Nurse Anna appeared in the doorway, her expression sympathetic but unsurprised. “She does this sometimes,” she said quietly. “Helen was her older sister. Passed away in 1973.”
Elsie was still holding my hand, stroking it gently, her face peaceful now as if the confusion brought its own kind of comfort. “Stay for supper, Helen. Please stay. I don’t like eating alone.”
“I think that’s enough for today,” Anna said softly. “She’s had a good spell, but she’s tired now. This is how it goes—clarity comes and goes like the tide.”
We stood slowly, and I squeezed Elsie’s hand before letting go. She looked up at me with those pale blue eyes, and for just a moment, I saw recognition flicker there—saw her remember who I really was and what we’d been discussing. Her expression grew troubled, almost frightened.
“The woman in white,” she whispered. “She came back. I know she did.”

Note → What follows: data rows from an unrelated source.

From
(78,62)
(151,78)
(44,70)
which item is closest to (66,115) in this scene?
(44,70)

Then the moment passed, and she was looking past me again, searching for her sister who’d been gone for fifty years.
My phone buzzed with a text from Dottie: Ready when you are. Hank and I are at the shop waiting.
“I need to get back,” I said. “Dottie and Hank are waiting on me so we can go talk to Thomas Wheeler.”
Dash nodded, though I could see the tension in his jaw—the part of him that didn’t like sending me off without him. But we’d already decided this approach made more sense.
I found myself singing softly, the words slipping out before I could stop them. “Pennies in a stream, falling leaves of sycamore, moonlight in Vermont…”
My grandmother used to say that music was just longing set to melody—longing for what we had, what we’ve lost, what we hope might come. The old standards understood that better than most. They dressed heartbreak in pretty melodies and called it romance.
The familiar sight of Grimm Island’s bridge emerging from the mainland felt like coming home, though whether that was comfort or trap I couldn’t quite decide. Below us, the marshland stretched out in shades of gold and green, eternal and unchanging, holding its own secrets in the mud and water.
Dash pulled up in front of The Perfect Steep, where Dottie and Hank waited on the bench outside, looking like two people dressed for entirely different occasions. Dottie wore bright green culottes and a patterned shirt that made my eyes cross, her cat-eye glasses perched on her nose. Hank had on his cargo shorts and that fishing vest with its seventeen pockets, each presumably containing something essential for interrogating ex-deputies.
“Be careful,” Dash said as I gathered my things. “Frank Holloway left the force for a reason. If he knows something that Milton wanted buried, talking about it might make him nervous.”
“We’ll be fine,” I assured him. “Three harmless-looking people asking questions about old times.”
“You’re about as harmless as a cottonmouth in tall grass,” he said, but there was warmth in his voice. “Call me when you’re done?”